[Crawled caption data]
____________

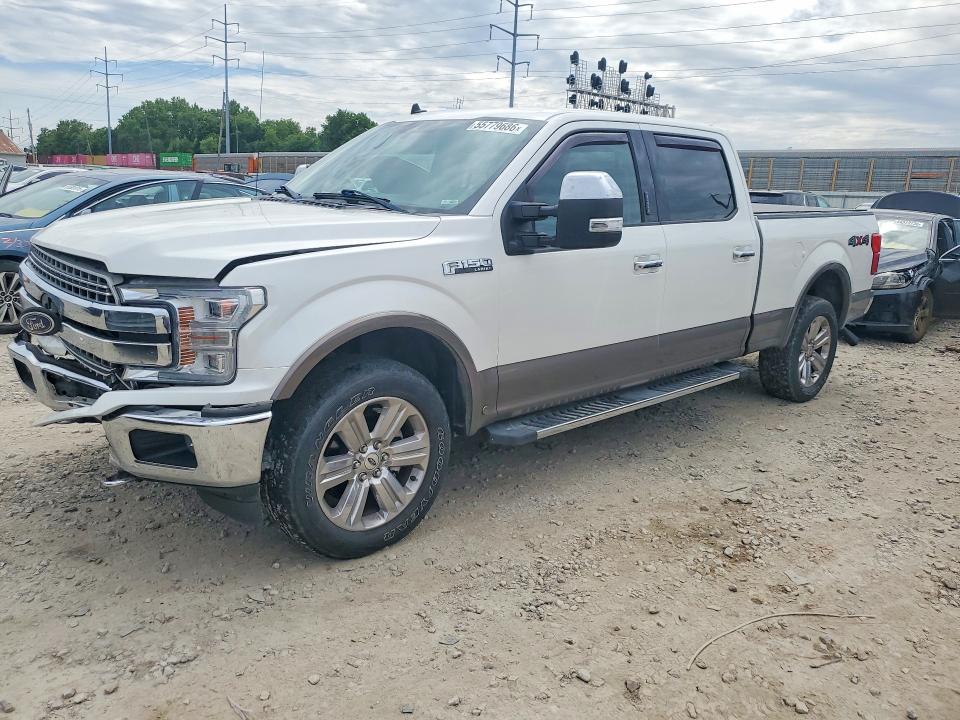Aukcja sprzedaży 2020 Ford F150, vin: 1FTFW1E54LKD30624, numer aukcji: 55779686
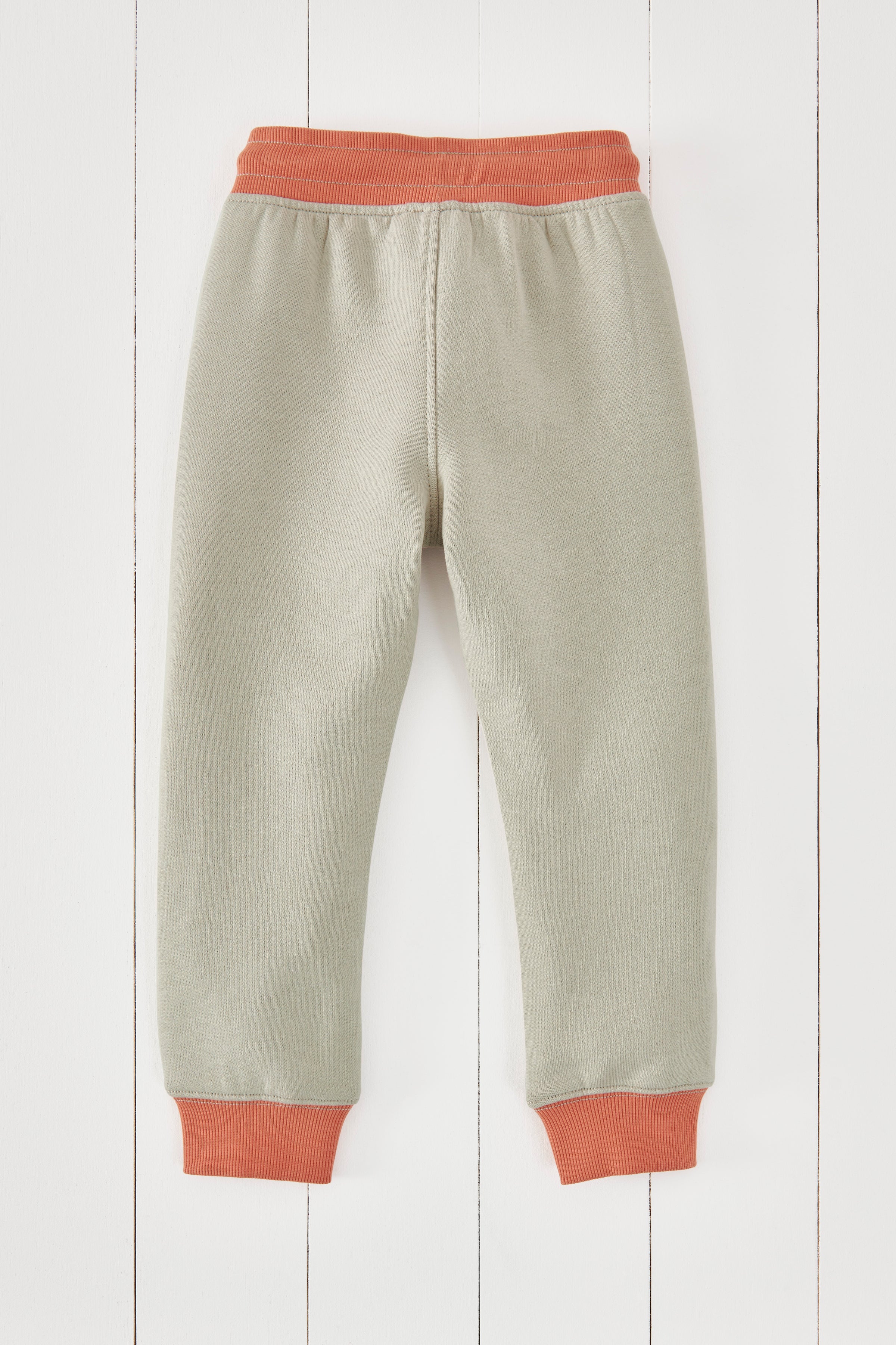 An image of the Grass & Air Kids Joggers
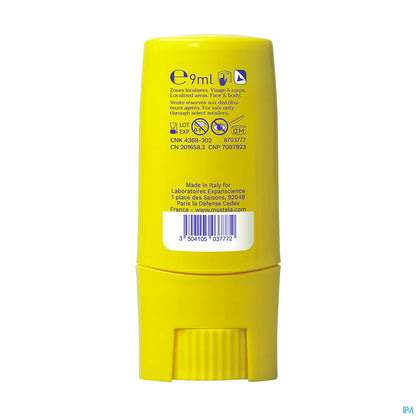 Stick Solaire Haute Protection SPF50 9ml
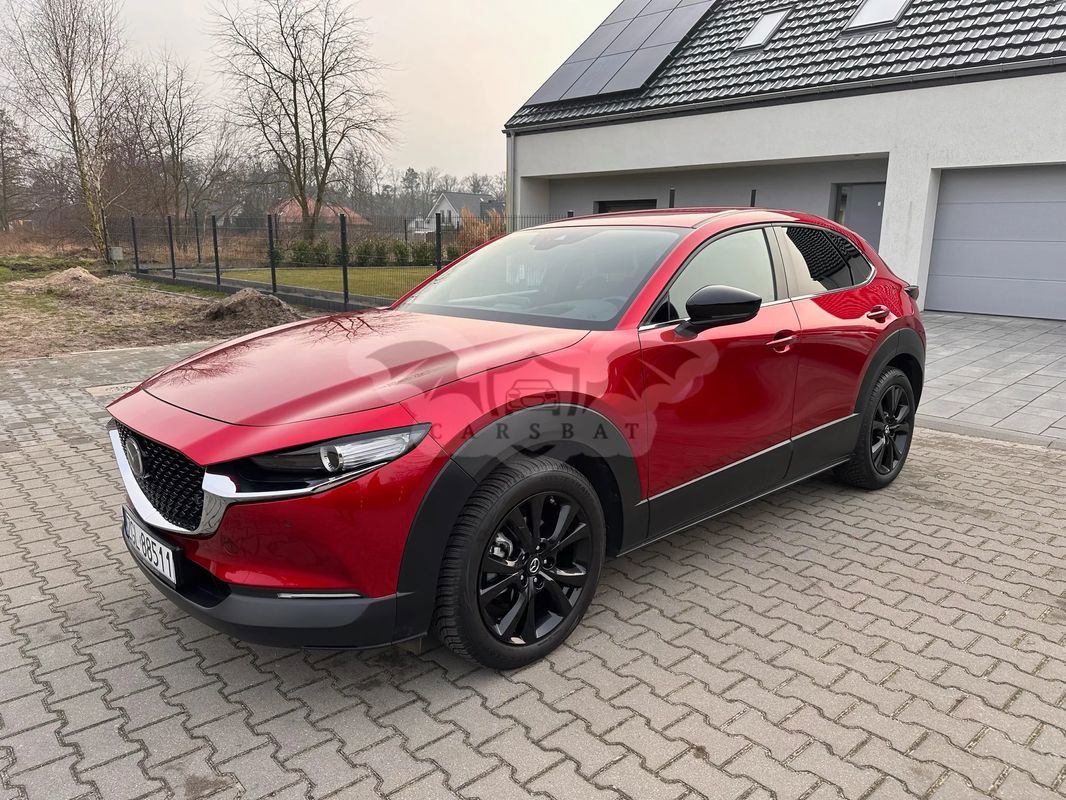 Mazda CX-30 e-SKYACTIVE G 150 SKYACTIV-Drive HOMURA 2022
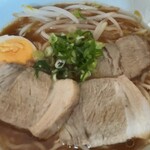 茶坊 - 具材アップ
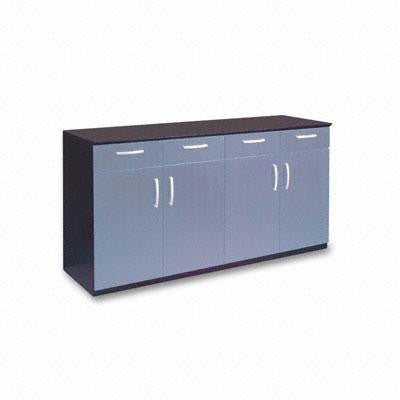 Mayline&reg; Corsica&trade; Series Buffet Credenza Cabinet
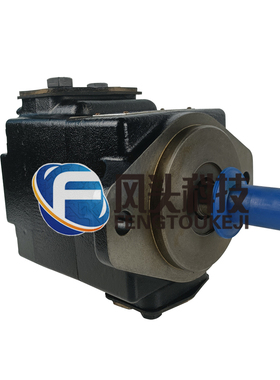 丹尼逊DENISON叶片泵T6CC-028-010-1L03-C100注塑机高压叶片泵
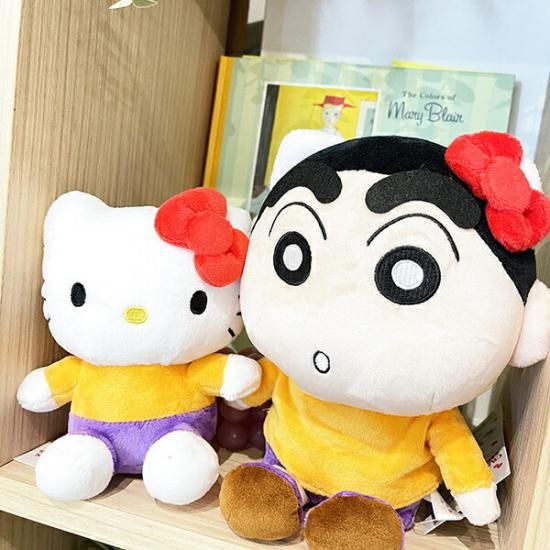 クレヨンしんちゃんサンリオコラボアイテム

____________

EXERCISE DESCRIPTION:
Give back exactly the lines running from the one that contains "Mayline&reg; Corsica&trade; Series" to the end of the records, including both of those lines and excluding every picture.

WRITTEN RESPONSE:
 Mayline&reg; Corsica&trade; Series Buffet Credenza Cabinet
 丹尼逊DENISON叶片泵T6CC-028-010-1L03-C100注塑机高压叶片泵
 クレヨンしんちゃんサンリオコラボアイテム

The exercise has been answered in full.